3. After he has given a months notice in writing to all other members, if not time is specified in the certificate, either for the return of the contribution or for the dissolution of the partnership Note Rule: That as a rule, even if a limited partner has contributed property, he has the right to demand and receive cash in return Note: That if paragraph 1 is violated, previous creditors can sue, but they must allege and prove the nonexistence of the conditions Q: May a limited partner have the partnership dissolved and its affairs wound up? A: Yes. A limited partner may have the partnership dissolved and its affairs wound up when: 1. He rightfully but unsuccessfully demands the return of his contribution, or 2. The other liabilities of the partnership have not been paid, or the partnership property is insufficient for their payment as required by the first paragraph, and the limited partner would otherwise be entitled to the return of his contribution Q: Suppose a limited partner withdraws rightfully his contribution (all conditions being fulfilled, particularly the complete solvency of the firm as of the time of the withdrawal) and the certificate is amended properly, would he still be liable to previous creditors if later on the firm becomes insolvent? A: Yes. It is unfair for him to keep the cash and leave the creditors with nothing. His contribution (even if already returned to him) is to be treated as a trust fund for the discharge of liabilities. Moreover, the sum should include the interest presumably earned. (See 1858) Note However: that future creditor cannot make use of the principle enunciated in the above cited case in view of the amended certificate, EXCEPT of course if the money had been wrongfully returned to the limited partner (See 1858) Article 1858 Liabilities of a Limited Partner

Q: What are the liabilities of a limited partner?
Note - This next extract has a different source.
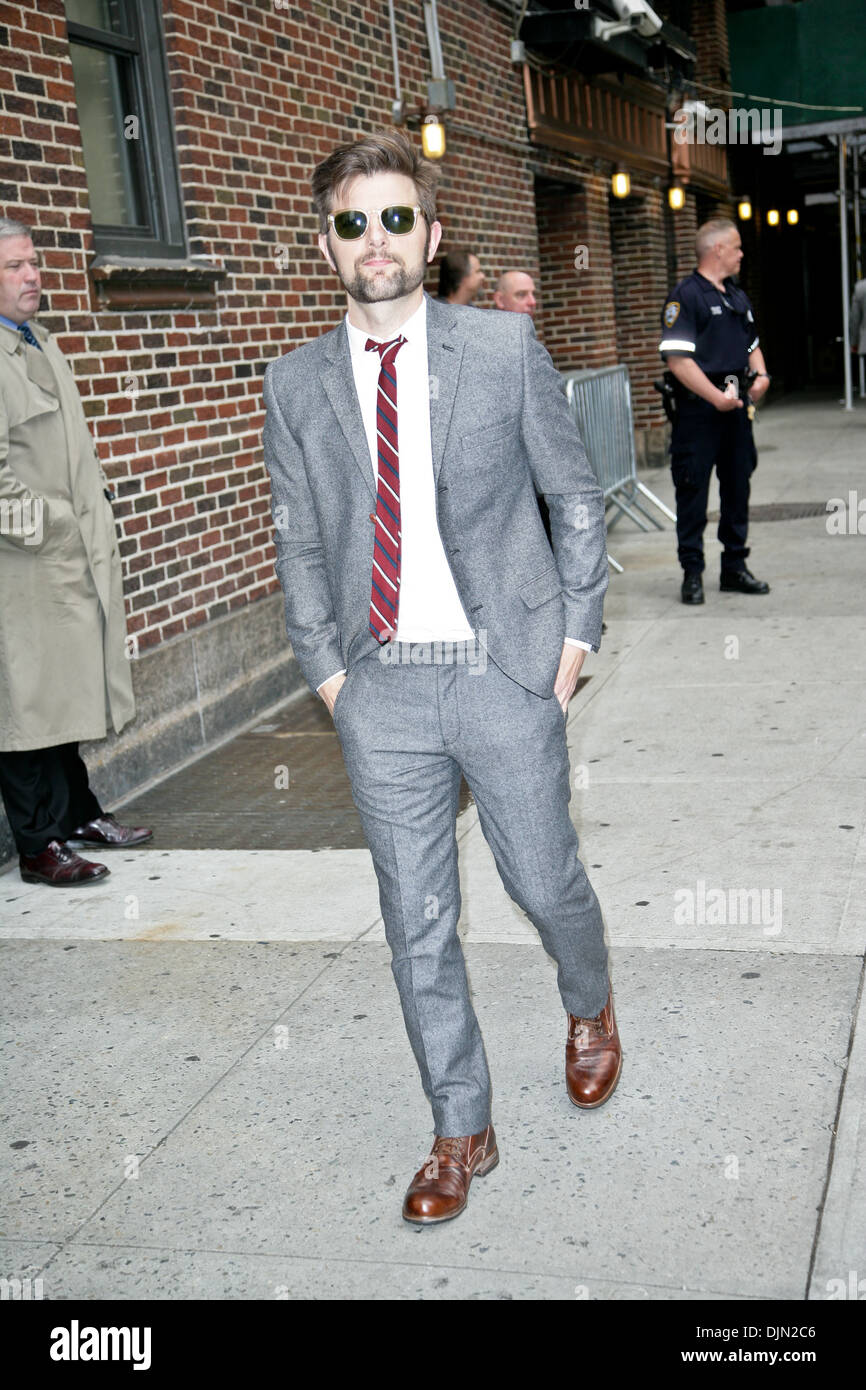 Adam Scott arrive au Ed Sullivan Theater pour 'le Late Show with David Letterman' Avec : Adam Scott Où : New York City Banque D'Images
A: A limited partner is liable to the partnership: 1. For the difference between his contribution as actually made and that stated in the certificate as having been made; and, 2. For the unpaid contribution which he agreed in the certificate to make in the future at the time and on the conditions stated in the certificate Q: Are these liabilities waivable? A: Yes, but two conditions must be followed: 1. All the other partners must agree 2. Innocent third party creditors must not be prejudiced. Q: When are third party creditors innocent? A: They are innocent when their claim for extension of credit was before the cancellation or amendment of the certificate Note: That a limited partner holds as trustee for the partnership: 1. Specific property stated in the certificate as contributed by him, but which was not contributed or which has been wrongfully returned 2. Money or other property wrongfully paid or conveyed to him on account of his contribution Problem: A, a limited partner, received the return of his contribution on the date stated in the certificate. It was discovered that the remaining assets were insufficient to pay two creditors, X and Y. Xs claim arose BEFORE the return; Ys claim arose AFTER the return. Should A be compelled to give back what he had received? Answer: I distinguish: 1. Xs claim should be satisfied out of what has been returned to A because his claim arose BEFORE the return. If there is a balance, it should be returned to A. If there is a deficit, A is not liable for this because he is only a limited partner. 2. Ys claim does not have to be satisfied from what has been returned to A because his claim arose AFTER the return. Ys claim should be directed against the general partners.